メタバースが拓くデジタルワールドの未来

Meta Platformの2021年第4四半期決算説明会では、CEOのマーク・ザッカーバーグ氏らが11回もメタバースに言及しました。1 マイクロソフトは決算説明会で7回、Nvidiaは5回メタバースに言及しています。2 しかし、彼らだけではありません。この半年間で、世界中の企業が決算発表の場で「メタバース」という言葉を発した回数は、合計で240回以上に上っています。3 なぜ、多くの企業がこの言葉に夢中になっているのでしょうか? それは、インターネットに新たな変革を起こすものとしてメタバースが登場し、現在の主要プラットフォームや大手テク企業に数兆ドル規模の収益機会をもたらすと多くの人が予想しているからです。4

ところで、メタバースとはいったい何なのでしょうか? なぜ次世代インターネットとして有望であると考えられているのでしょうか? このような進化から利益を得るには、どのセグメントが最も有利なのでしょうか? 本稿では、メタバースがデジタルワールドの未来と私たちの使用感をどのように作り替えていくのかについて考察し、さらに深堀りしていきたいと思います。

重要なポイント

  • メタバースとは、ユーザーがインターネットに入り込み、仮想的に存在する状況を意味します。

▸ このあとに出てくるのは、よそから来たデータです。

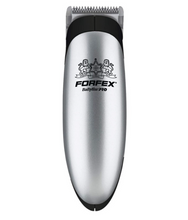 Load image into Gallery viewer, BABYLISSPRO FORFEX MICRO TRIMMER - FX44C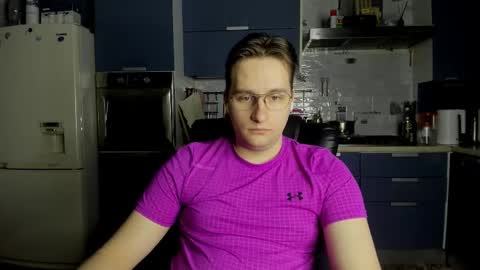 alexs9xtime online show from February 12, 6:25 pm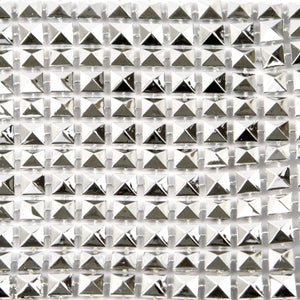Art.338 Galón (#11045) 12 Hileras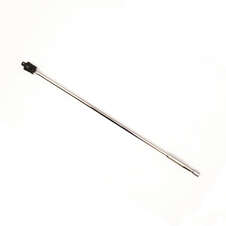 ROSSVIK BB12750 Вороток шарнирный 1/2", 750мм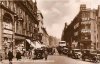 City New St 1920c.jpg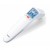 Beurer Thermometer FT100 Non-Contact Infrared Clinical Thermometer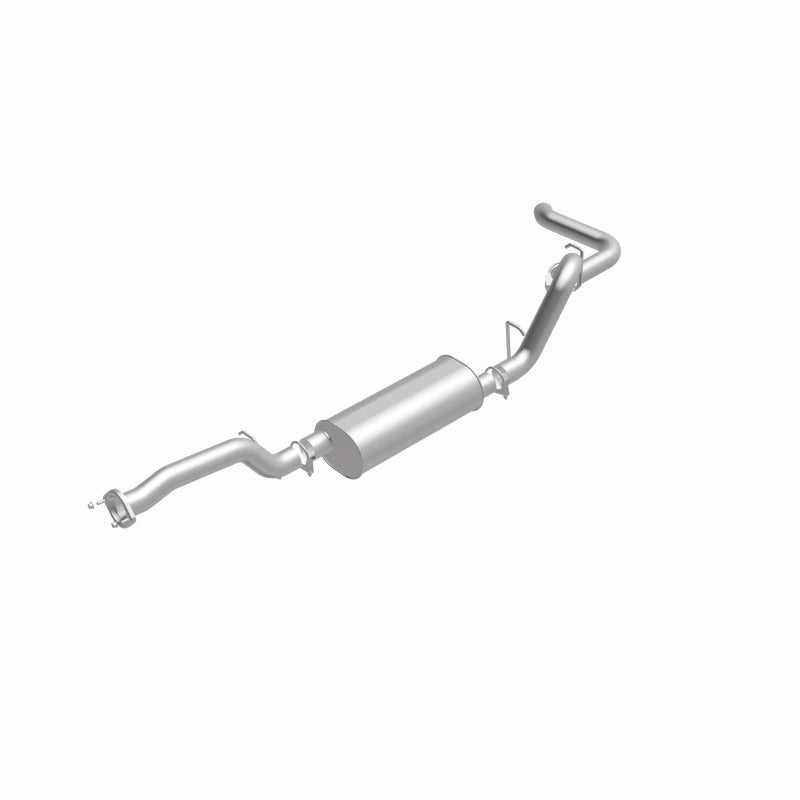MagnaFlow BRE Exhaust Kit for 1994-1995 Tahoe Yukon 5.7L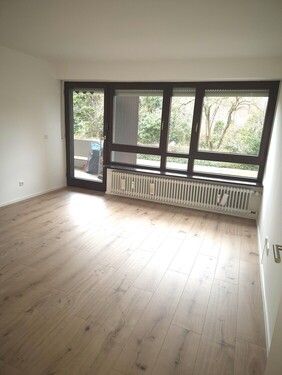 20260301_111629 - 1- Zimmer mit 14,00 m&sup2; in Augsburg zur Miete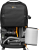 Plecak fotograficzny Lowepro Fastpack BP 250 AW III czarny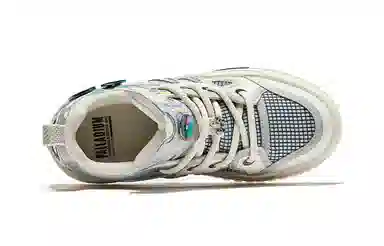 Palladium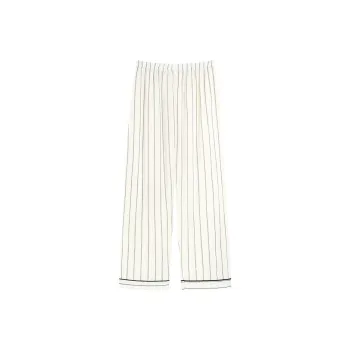 Maultiay Women's Pajama Pants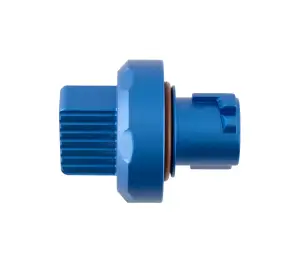 Pacific Performance Engineering - 273005000 | PPE Performance Diesel DEF Fill Cap For Ram Trucks And Jeeps - Image 5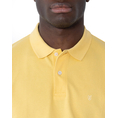 Product THE BOSTONIANS ΜΠΛΟΥΖΑ POLO PIQUE REGULAR FIT thumbnail image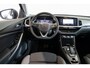 Opel Grandland 1.6 Turbo Plug-In Hybrid Business Elegance | Nacht / Infraroodcamera | Elek. Kofferklep | Adaptieve Cruise Controle | Stoel & Stuurverwarming | Parkeersensoren | Keyless | Dodehoek |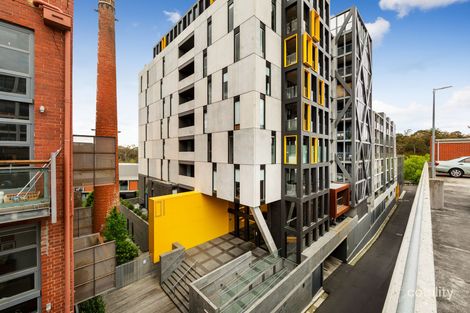 103/10 Trenerry Cres, Abbotsford, VIC 3067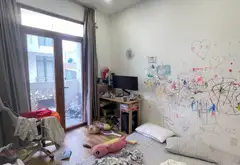 Bán nhà riêng 3 tầng 50m2 tại Bình Hưng Hòa, hỗ trợ sơn mới, pháp lý rõ ràng... Bán nhà riêng tại Bình Hưng Hòa, Hồ Chí Minh 04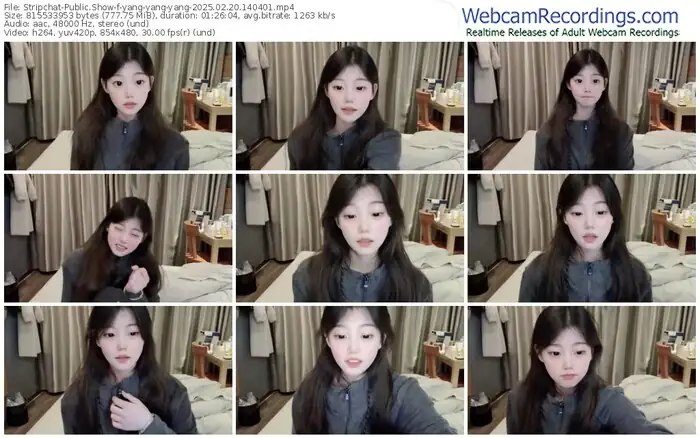 2025/02/20/stripchat-yang-yang-yang-14-04-01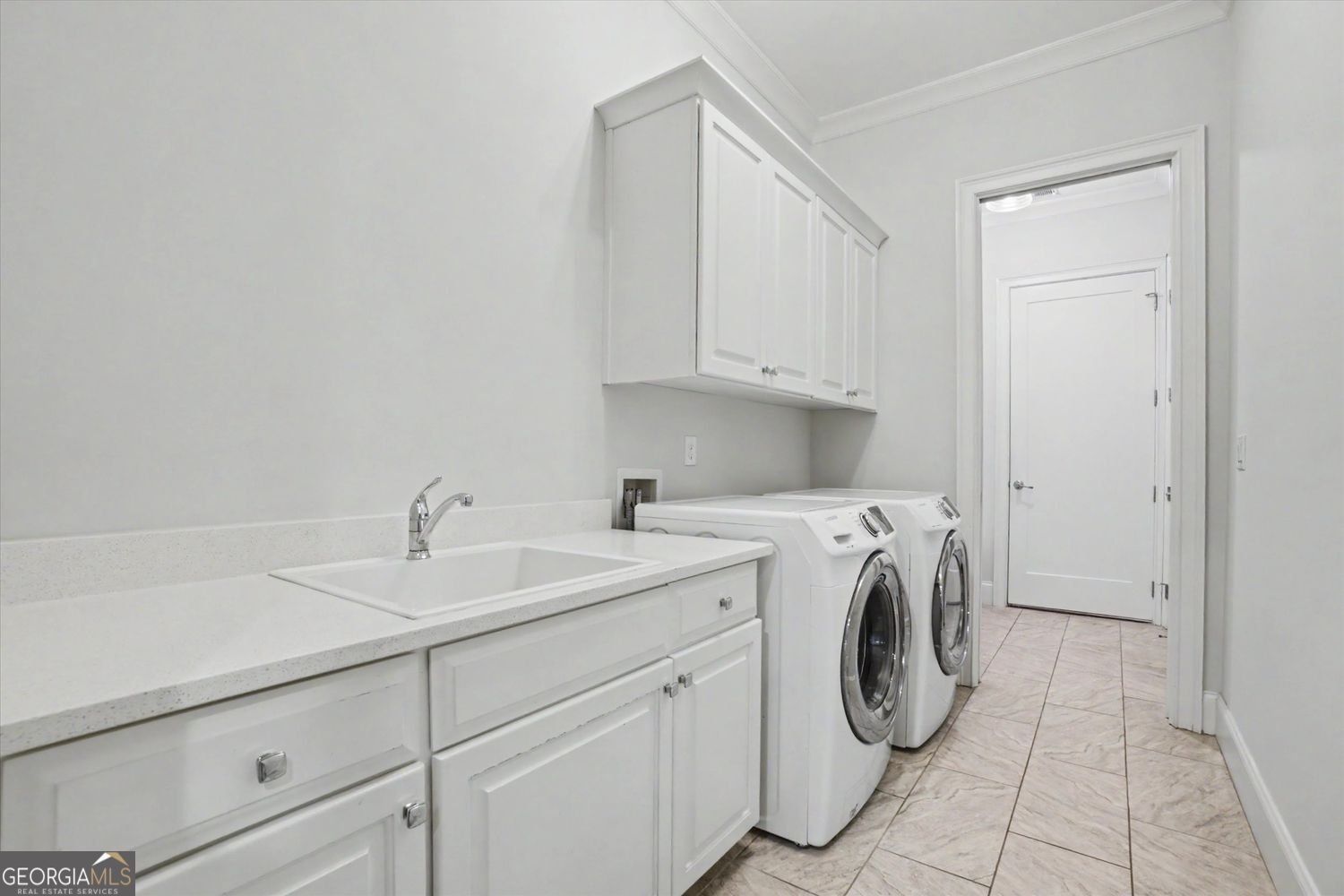 1803 Kent Avenue Atlanta - Photo 34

メタバースは、リアルタイムの持続性、経済システム、コミュニティ、デジタルアバター、複数デバイス間のアクセシビリティといった特徴を備えています。
  • 投資家は、既に世に出ており短いながら成功の実績がある初期バージョンのメタバースに、大きな可能性を見いだしています。今後、ブロックチェーン技術を活用した分散型オープンアーキテクチャのプラットフォームに基づくメタバースが、最も成功すると予想されます。
  • メタバースは、今後も発展し続けることで、様々な業種の企業、特にVR(仮想現実)、AR(拡張現実)、MR(複合現実)のハードウェアやソフトウェアの構築に携わる企業に収益機会をもたらすと思われます。

メタバースの定義

今日のインターネットでは、一般的には、デジタルプラットフォームが実際の生活の行動のサポートをしています。例えば、Amazonで商品を購入して自宅に配送してもらったり、最近外食したときの写真をInstagramで共有したり、マディソン・スクエア・ガーデンで行われるコンサートのチケットをオンラインで購入し、友人と一緒に出掛けたりするわけです。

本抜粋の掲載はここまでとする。